Contributed by Beth Collinge of CTG – a division of ILX Group plc.
Stocks were down at the end of last week. JPMorgan was fined for its failure to keep client money in separate accounts. The US Congress is set to impose conflict of interest rules on banks and push ahead with reform of the New York Federal Reserve.
Economic Backdrop
- Stock markets closed down on Friday, hit by a combination of weaker than expected American jobs data, European debt default fears, rumours of large derivatives-related losses at a French bank and concerns that Hungary’s economy may be in a perilous condition.
- The euro was down 2.5 per cent on the week against the dollar to a fresh four-year low, and was also off versus the pound after a spokesman for the Hungarian prime minister said that Hungary’s economy was in a “very grave situation” due to the last government manipulating official data, and that talk of a default was “not an exaggeration”.
- On government bond markets, investors were buyers of high-quality assets such as US Treasuries, sending yields sharply lower.

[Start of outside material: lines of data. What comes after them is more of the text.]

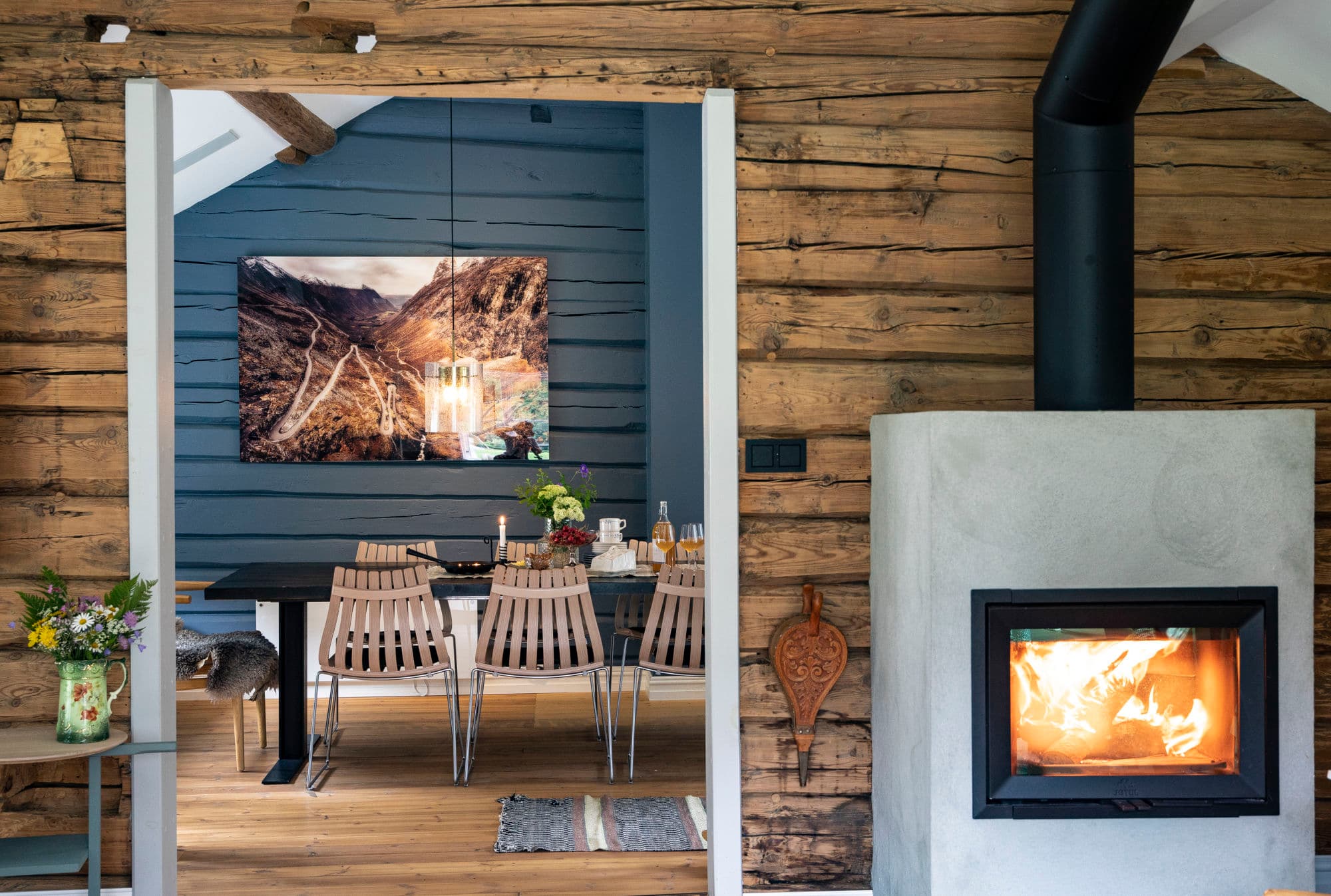 Fyr i peisen og bare tømmervegger i det restaurerte huset på Åndalsnes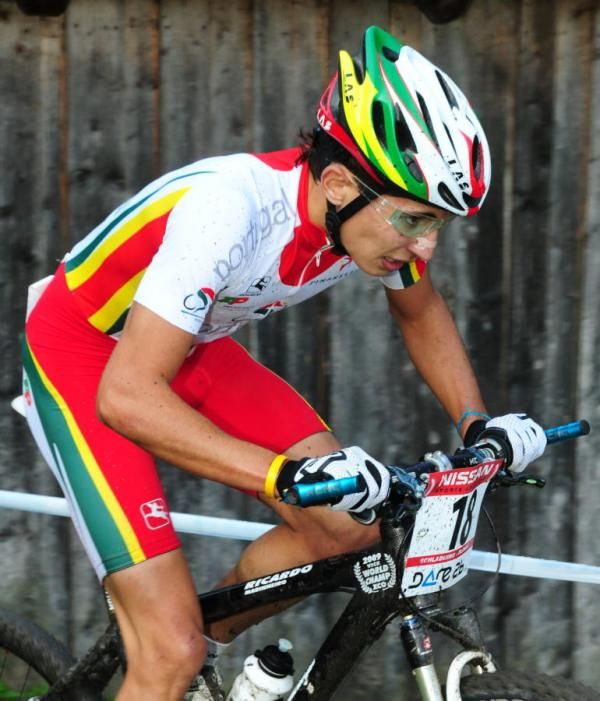 Ricardo Marinheiro (Portugal) leads early in the race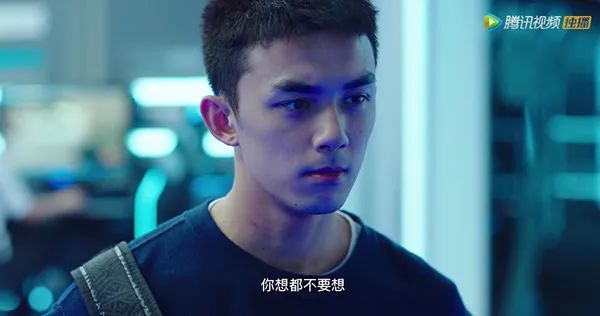 以家人之名|电视剧榜单：谭松韵《以家人之名》上线即巅峰，榜首鹿晗贡献喜人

The yield on the 10-year note fell to 3.26 per cent, over the week.
- UK sovereign issues were also bought, and the yield on the 10-year gilt was also down 6bp on the week.
On commodity markets, Gold rebounded from its mid-week low, with August futures rising 0.6 percent to $1,217.70 an ounce, on demand for an alternative to the slumping euro, though the spot price was still down on the week.